Without saying anything else, Roberto drove them straight up to the observatory gates, where he got waved through by the guard on duty. Jo blocked out the sights around her, concentrating on psyching herself up for this. Channeling all her righteous indignation and all the times people had tried to pass her over in the past.
Because it wasn’t going to happen. Not today. No way.
As soon as the van pulled to a stop, Jo unhooked her seat belt and shoved open the door. Behind her, Roberto protested, “You sure you don’t want me to take you to the house?”
“I’m good.” She waved him off, her focus intent on the closed door in front of her. On flinging it open.
The second she was inside, it was like she went blind, the humming fluorescent lighting overhead no match for the brilliance of the sun outside. She blinked to get her eyes to adjust, staring down a series of corridors, all painted cinder-block walls and propped-open doors. She had no idea where she was going, but she didn’t let that stop her. She knew the drill: walk around as if you own the place, and most people will assume you do.
Sighing, Jo called over her shoulder, “Give me just a second.”
Roberto wasn’t letting her off that easily, though. He called after her again, and she swore beneath her breath as a couple of faces turned to give her curious stares. Yeah. Turned out the whole “walk around like you own the place” thing didn’t work quite so well when everyone knew you didn’t.
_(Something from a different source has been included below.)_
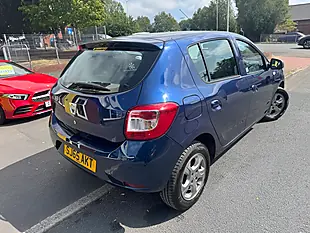 Used 2016 Dacia Sandero Laureate Prime Blue - Interior and Exterior details 4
For the first time, a little prickle of doubt made her stomach twist. This entire plan of hers had the potential to be a disaster. She was tired and sweaty and disgusting, and it felt like her hair was plastered to her head. She was going off half-cocked, and in the kind of mood she was in, she was probably going to burn a bridge or two.
She hadn’t gotten as far as she had in life by being nice, though. In a man’s world, a girl never did. Not unless she had a hell of a lot bigger tits than Jo did.
The thick soles of her boots thudded against the tile floor as she rounded the corner, turning to enter a hallway lined by open doors. She scanned the numbers beside each one until finally she spotted it. Office number 109. She screwed up her confidence and tugged the hem of her top down. Shoved her hair out of her face and rubbed the studs in the shell of her ear for luck.
She knocked once before stepping right in, keeping her voice strong as she said, “Dr. Galloway?”
And then she did a double take as the chair of one Dr. P.J. Galloway slowly rotated, spinning to face the door, revealing—
Not the pot-bellied, middle-aged man Jo had been expecting. But a sixty-something-year-old lady in a lilac dress.
Fuck. So, so many layers of fuck.
The woman who was apparently Dr. Galloway raised one silver-hued eyebrow, peering over her glasses at Jo, and Jo was not the type to demur, but she shrank just a little inside. “Yes?”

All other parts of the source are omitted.